__Your task__
Your answer must be the lines from the one containing "DNA & Traits" through the last line of the records below, copied exactly, with the pictures left out.
Provided records START
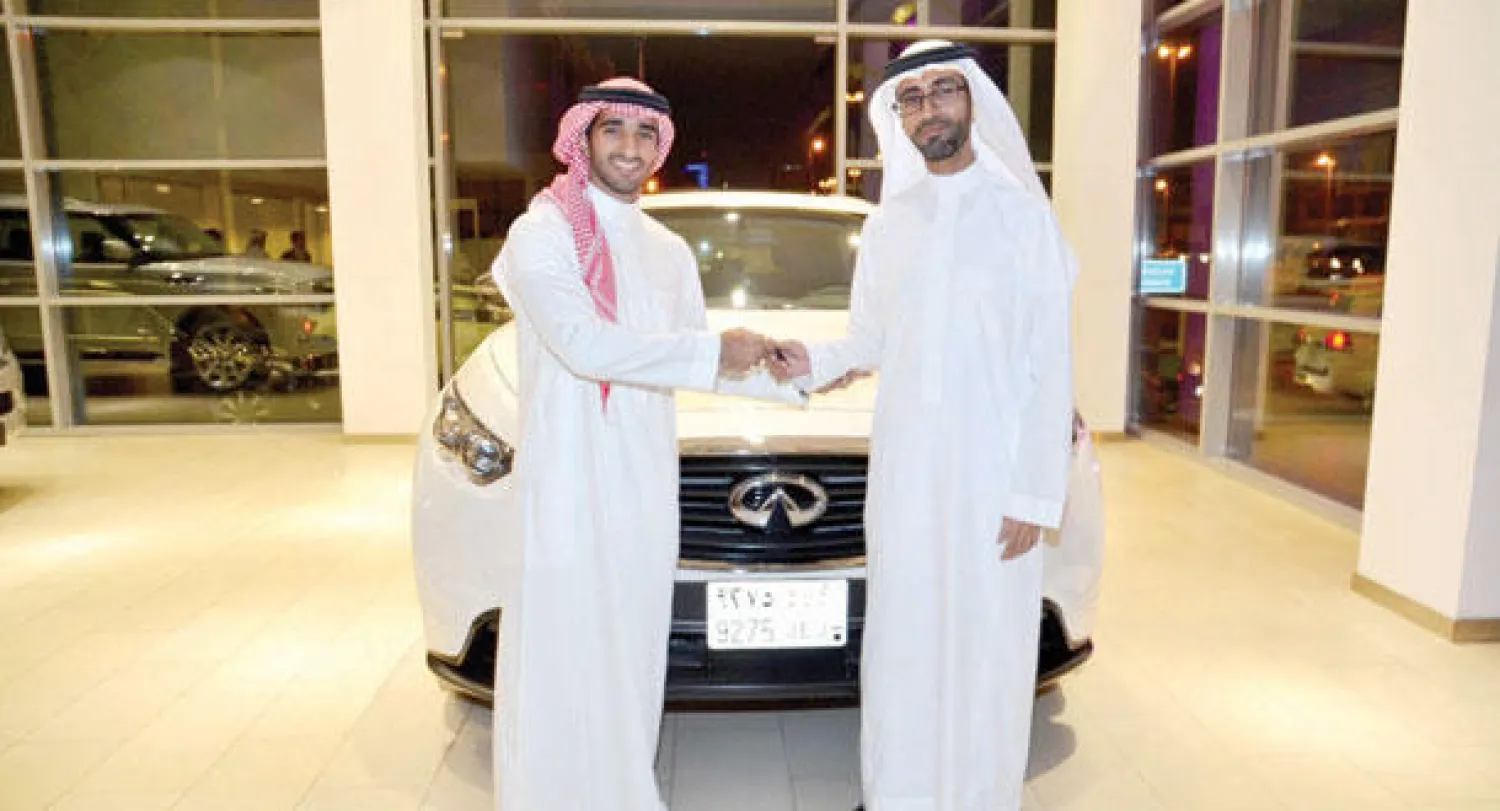 الغسان للسيارات إنفينيتي تعلن عن الفائز بسيارة الكروس أوفر FX طراز فيتل الحصري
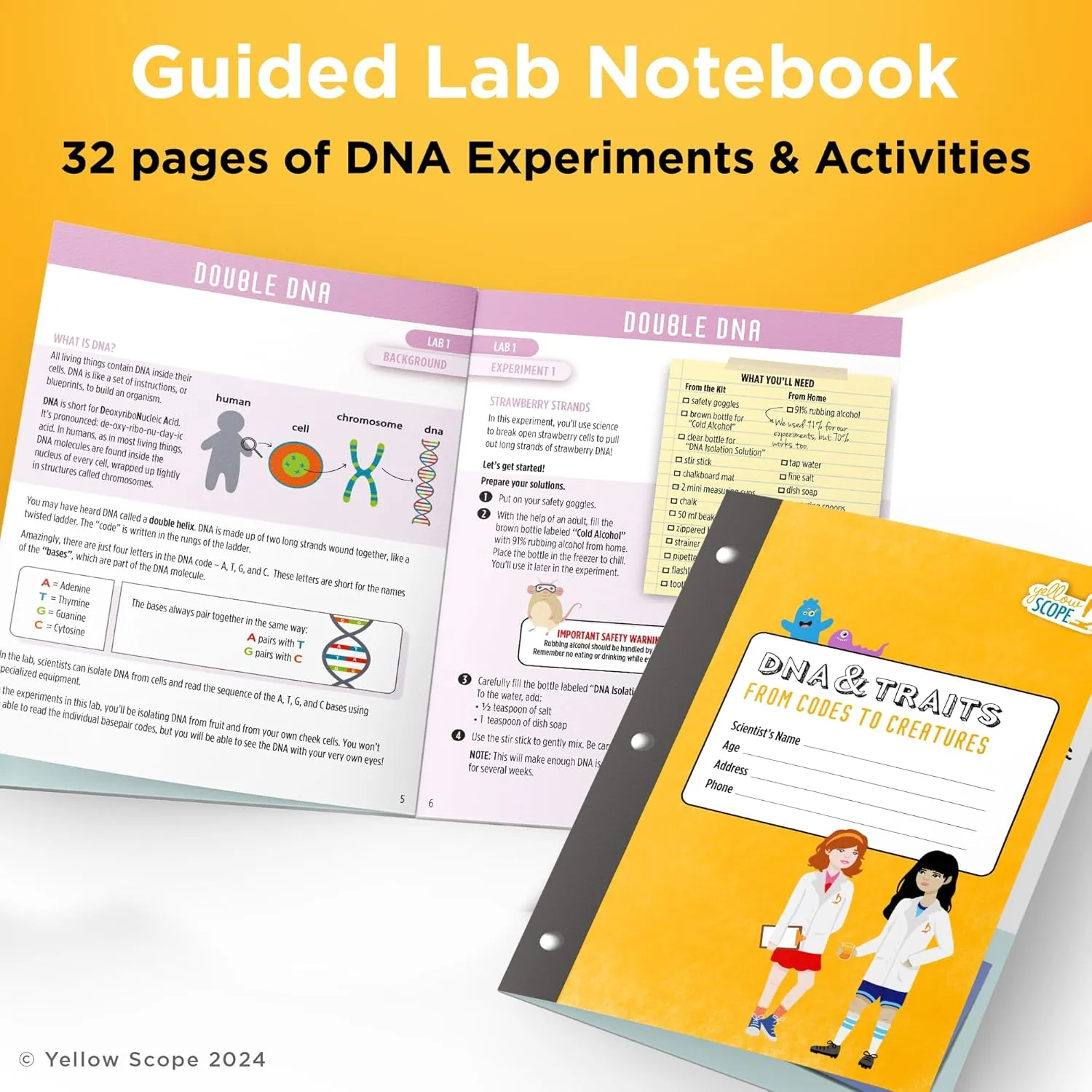 DNA & Traits Science Kit for Kids, STEM Kits for Girls and Boys, Educational & Fun for Ages 8-12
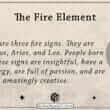 The Fire Element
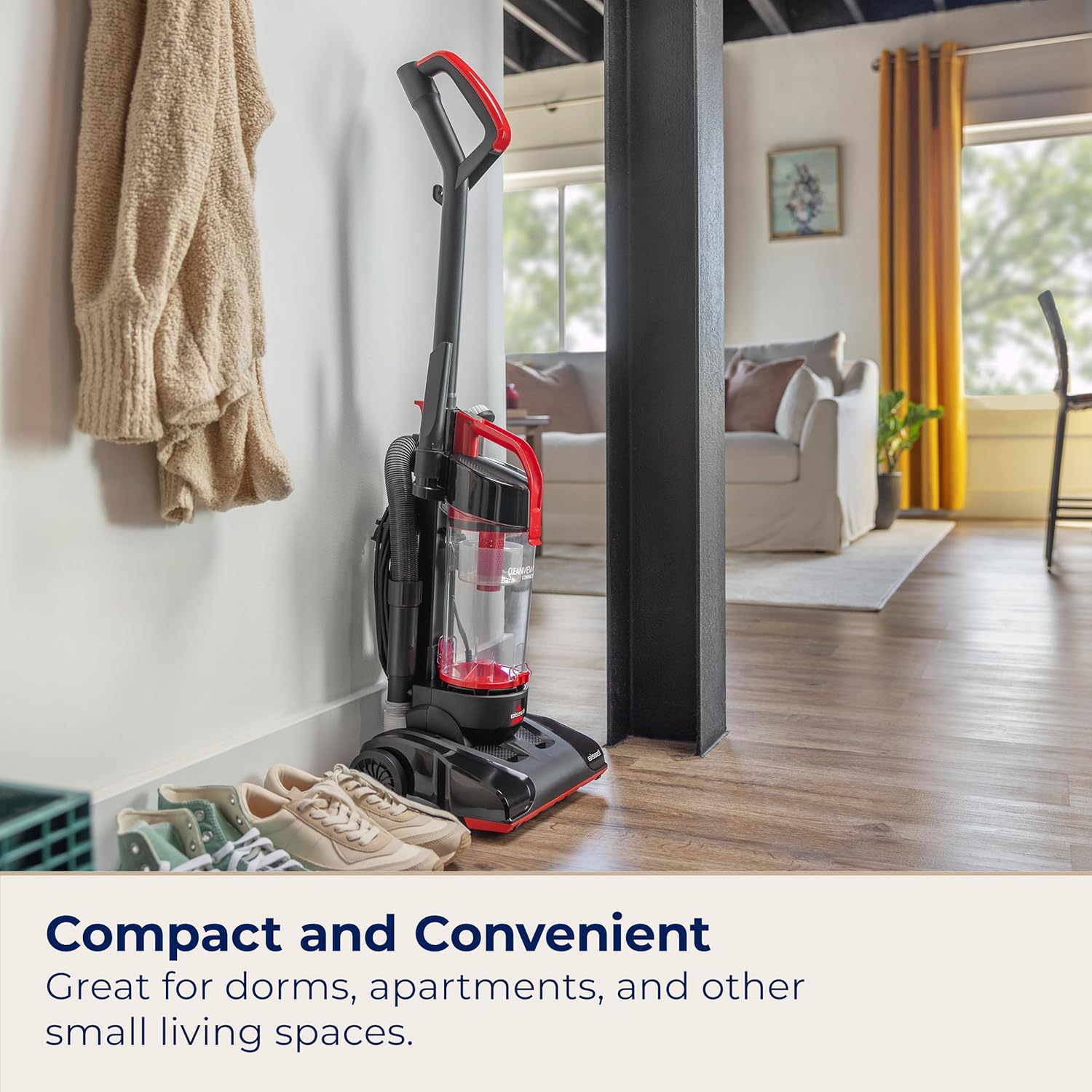Bissell CleanView Compact Upright Vacuum AeroSlim Lithium Ion Cordless Handheld Vacuum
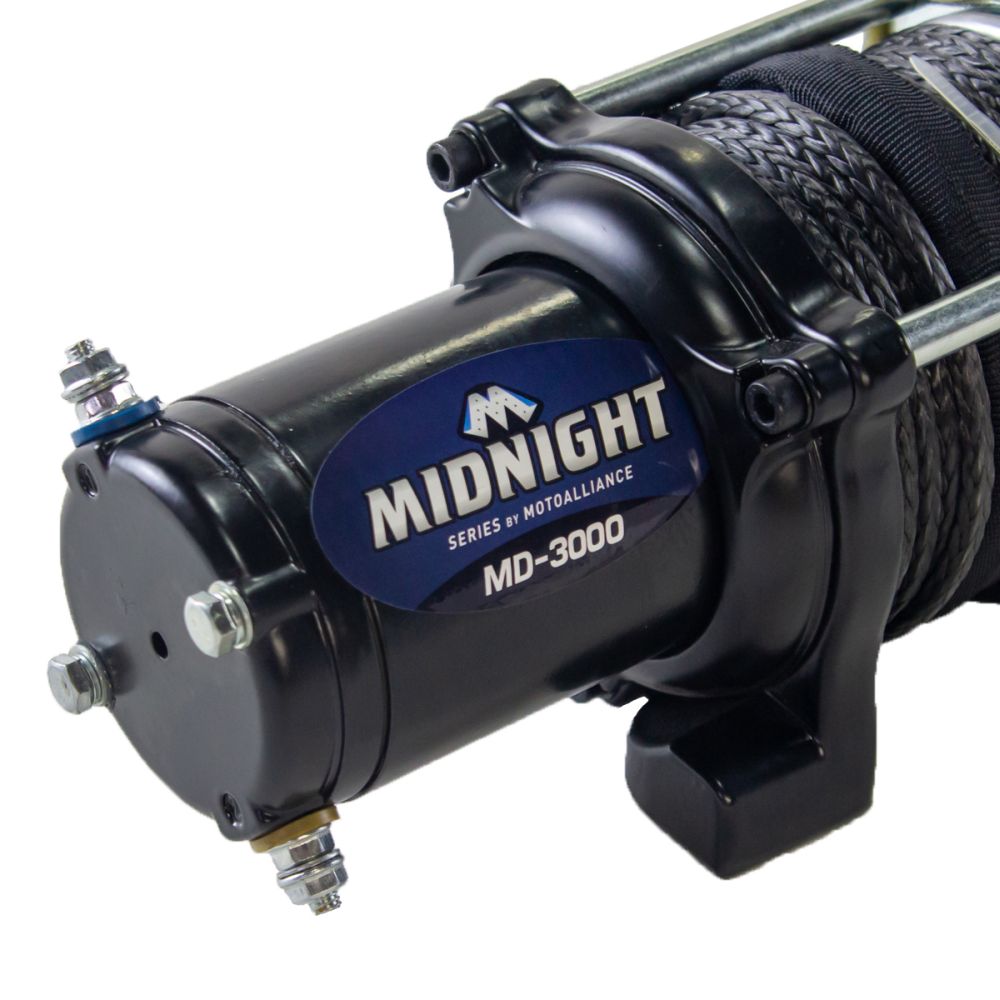 Viper Midnight ATV Winch Kit For Honda Rancher 420 2007-2013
Provided records END
__Reply to the exercise__
 DNA & Traits Science Kit for Kids, STEM Kits for Girls and Boys, Educational & Fun for Ages 8-12
 The Fire Element
Bissell CleanView Compact Upright Vacuum AeroSlim Lithium Ion Cordless Handheld Vacuum
 Viper Midnight ATV Winch Kit For Honda Rancher 420 2007-2013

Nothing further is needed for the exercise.